### [Task]
Look below for the line with "First Big Book" and the line with "Chance The Rapper"; repeat exactly those two lines and all lines between them, but no pictures.

### [Data shown]
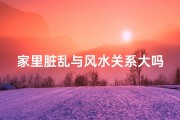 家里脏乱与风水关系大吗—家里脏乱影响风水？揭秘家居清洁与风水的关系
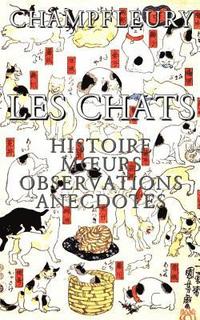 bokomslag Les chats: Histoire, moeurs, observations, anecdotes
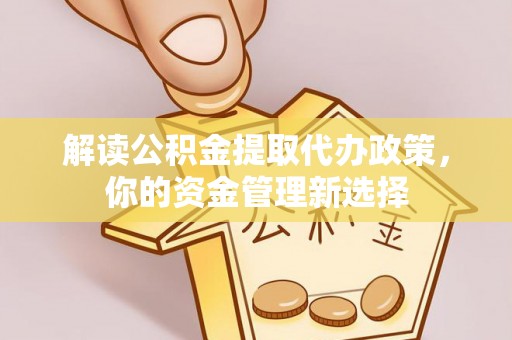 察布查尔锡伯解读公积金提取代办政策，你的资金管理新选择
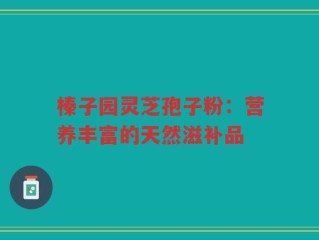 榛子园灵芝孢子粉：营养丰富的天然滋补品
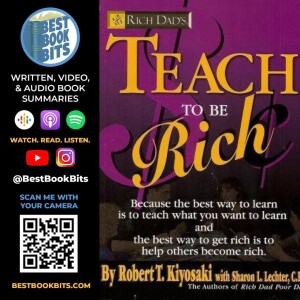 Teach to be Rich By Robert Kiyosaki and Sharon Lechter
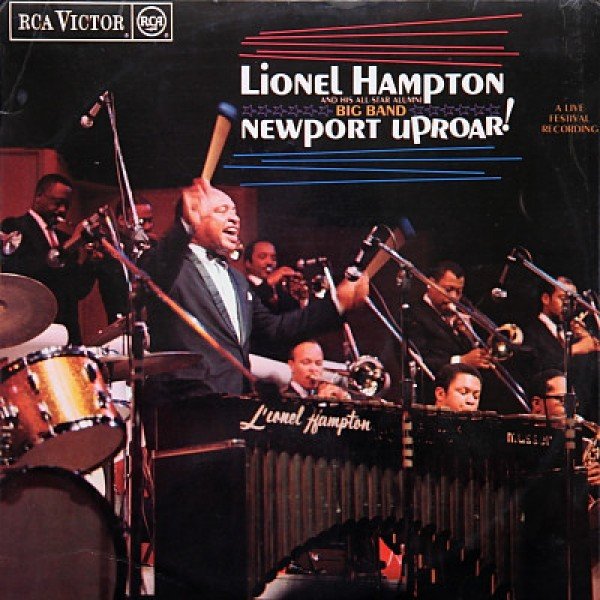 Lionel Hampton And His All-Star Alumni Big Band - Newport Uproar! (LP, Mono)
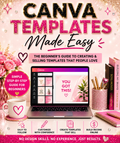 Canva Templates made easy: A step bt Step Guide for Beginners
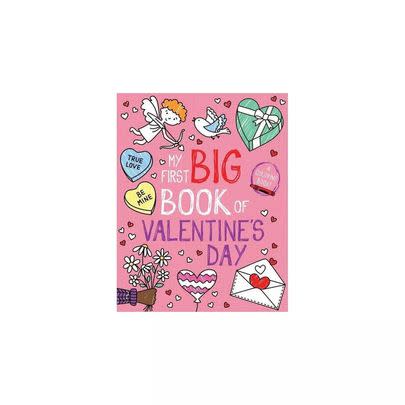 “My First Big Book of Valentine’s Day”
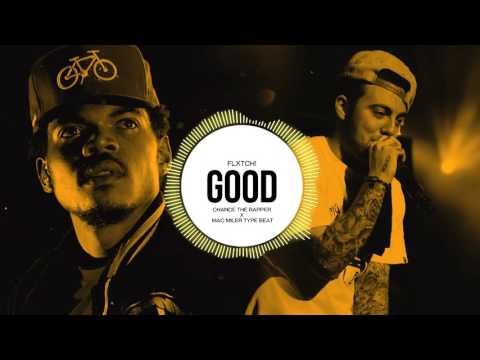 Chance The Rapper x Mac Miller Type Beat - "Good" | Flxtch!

* * *

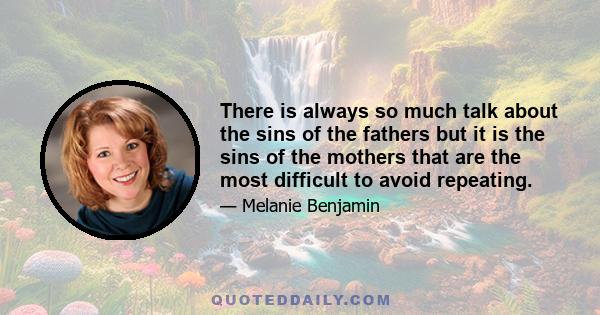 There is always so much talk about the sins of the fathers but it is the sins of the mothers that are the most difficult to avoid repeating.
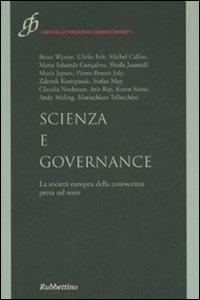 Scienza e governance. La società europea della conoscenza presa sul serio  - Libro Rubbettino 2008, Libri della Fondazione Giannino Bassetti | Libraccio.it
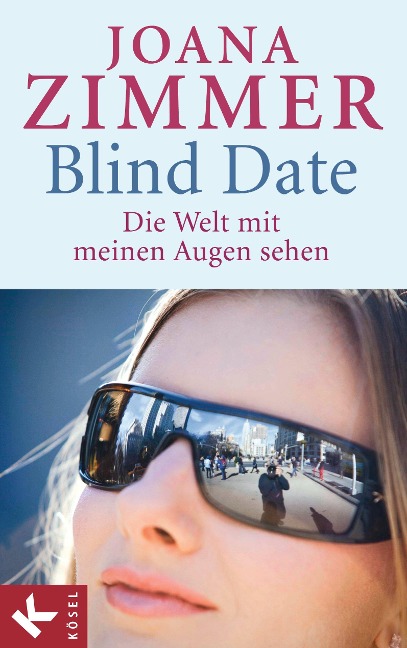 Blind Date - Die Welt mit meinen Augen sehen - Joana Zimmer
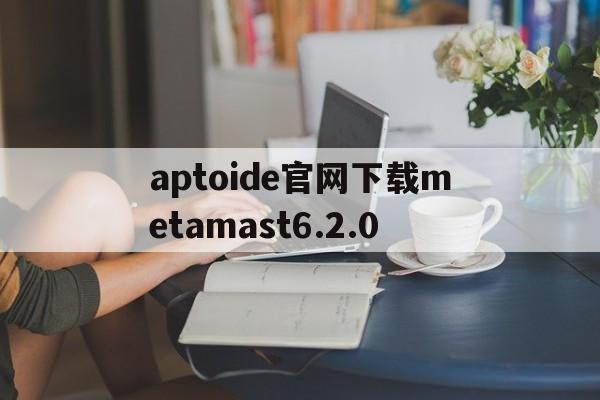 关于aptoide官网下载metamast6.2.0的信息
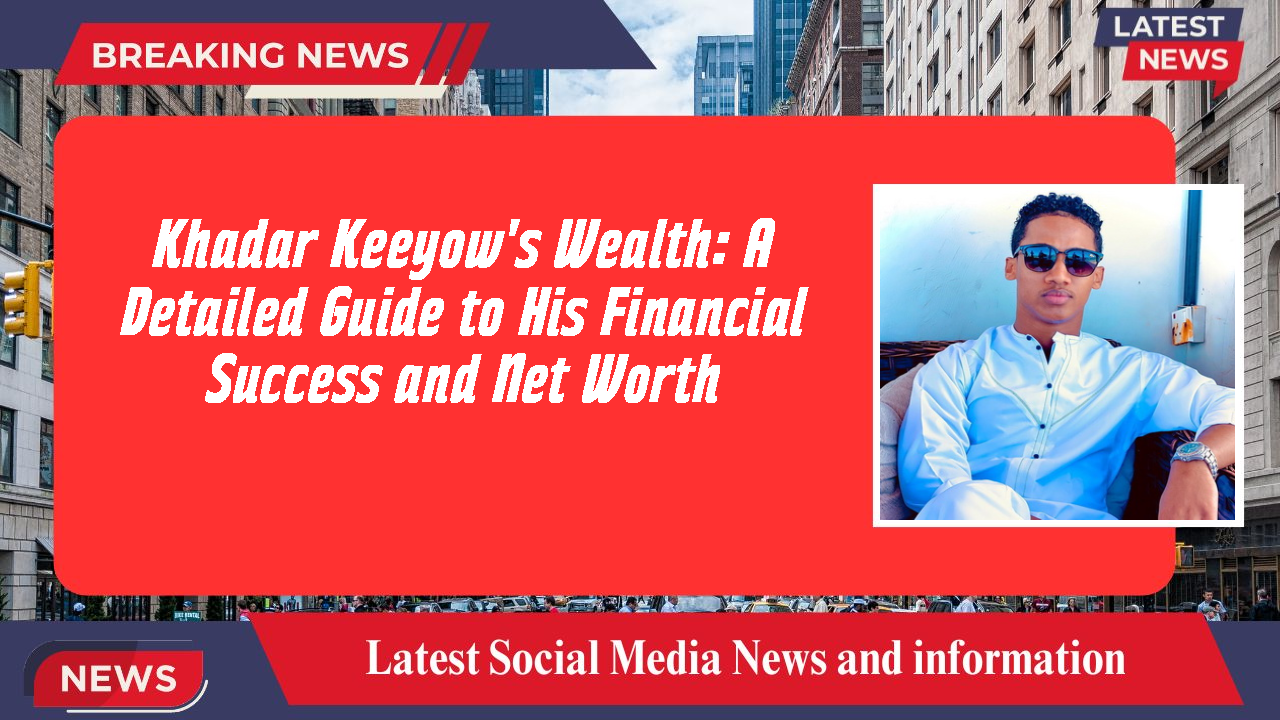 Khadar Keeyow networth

---

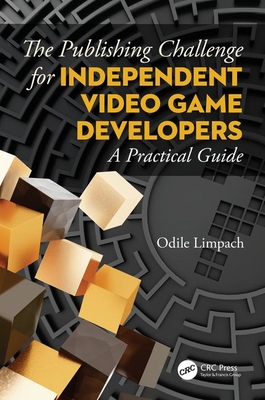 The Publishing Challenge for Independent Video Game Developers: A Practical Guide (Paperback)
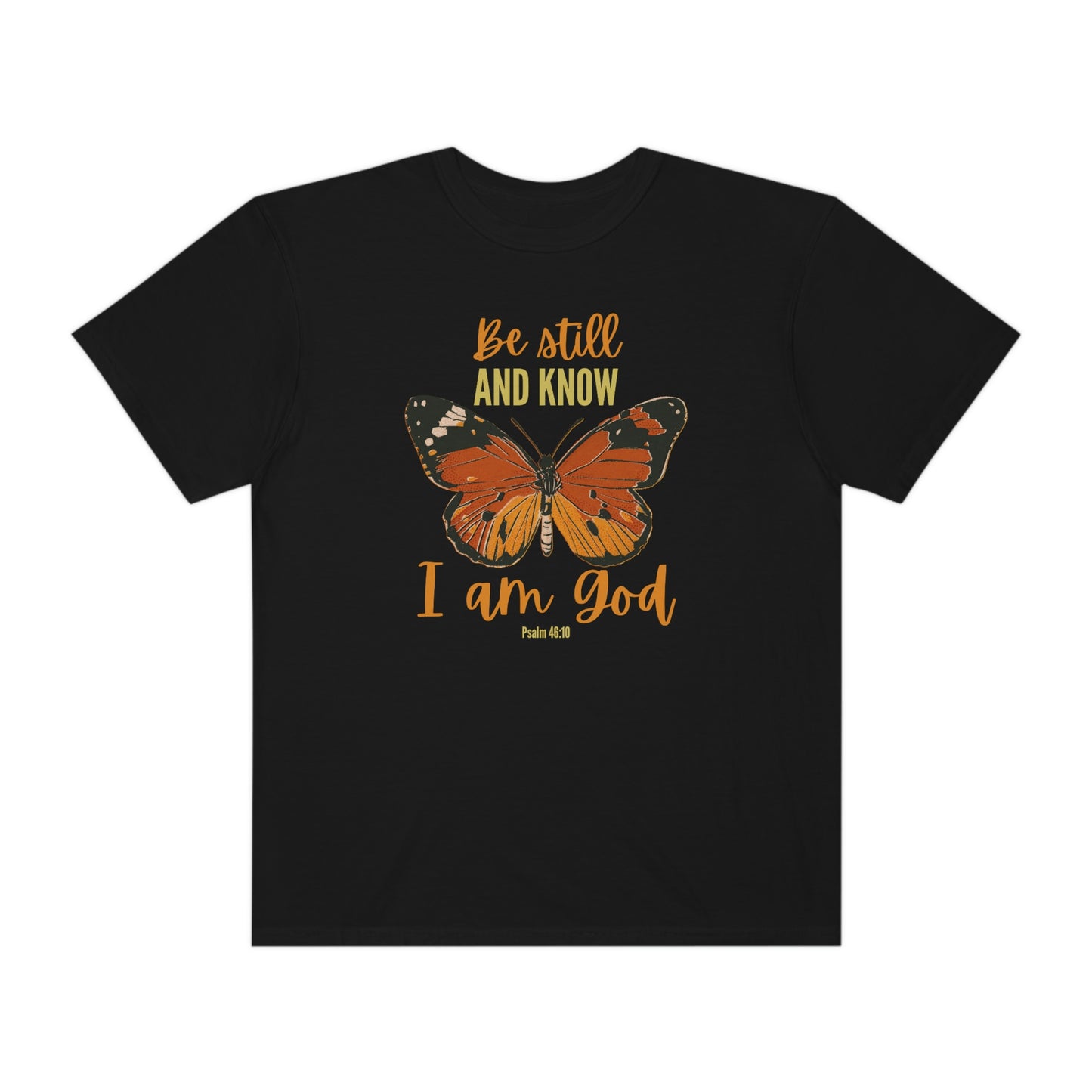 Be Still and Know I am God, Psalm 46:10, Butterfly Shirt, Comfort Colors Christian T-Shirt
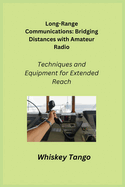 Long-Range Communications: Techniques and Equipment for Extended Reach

### [Task response]
 “My First Big Book of Valentine’s Day”
 Chance The Rapper x Mac Miller Type Beat - "Good" | Flxtch!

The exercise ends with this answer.